Even though “The Last Five Years” looks like a polished workshop — minimal scenery and lighting plus economical costumes — the Minnesota Jewish Theatre Company’s production of Jason Robert Brown’s clever musical is worth a trip. The main reason is to see singing actor Matt Rein, who plays aspiring writer Jamie opposite Sarah Shervey’s aspiring actor Catherine. At Saturday’s opening night performance, he sang his heart out in the role.

Rein pours his hopes, hurts and longings into all his numbers. He sells his songs not simply with his rich vocals, but with his whole being — from animated hands and fleet feet to rubbery expressions and sensitive eyes. The musical has elements of classic Broadway and contemporary arrangements, including songs with a prominent bass line. Rein takes us on the journey soulfully, singing a Michael Bolton-style rocker on “Moving Too Fast,” a song that chronicles Jamie’s success, even as Catherine is meeting dead ends in her own pursuits.

“The Last Five Years,” which has low-key staging by musical director Kevin Dutcher, reportedly is inspired by a failed relationship that Brown had. The 90-minute show premiered in Chicago in 2001 before moving off-Broadway. It has become a cult favorite in part because it is fresh, with ingenious lyrics and composition. With just two cast members, it also is very affordable.

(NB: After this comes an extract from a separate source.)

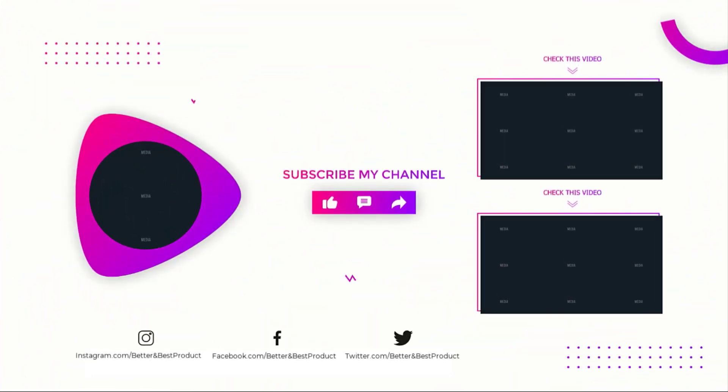If you find this video helpful, subscribe to our channel if you want more videos like this on your feed.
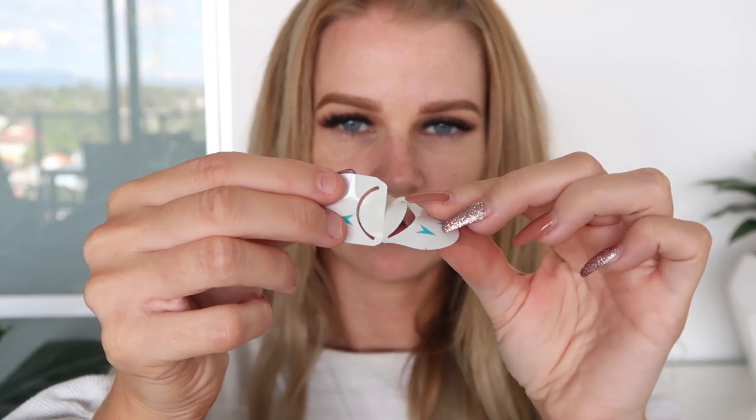They come in individual little packets like these, so I'm just going to open this one up. Here it is — I'm going to put it on my lip. I'll pull one side apart and you can see this side here is the sticky side, so I'm just going to place the sticky side over the cold sore. I'll put my finger over it, flip the middle part up, and then push that down. This is what the patch looks like on my lip.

The show uses an inventive narrative structure to relate the story of a relationship. Writer Jamie’s story is told from beginning to end. Catherine tells her part of the story backwards, starting at the end. Like ships passing in the night, the show’s two perspectives meet in the middle on the marriage duet, “The Next Ten Minutes.” Again, Rein was stellar, while Shervey, who reportedly had a cold, struggled. She could not muster much on the high or low end of the register. And her energy was low.

Lots of theaters offer Cupid-themed programming in February to capitalize on the season of roses and chocolates. “Last Five Years” is a bit of counter-programming — a charming valentine on the precarious nature of love.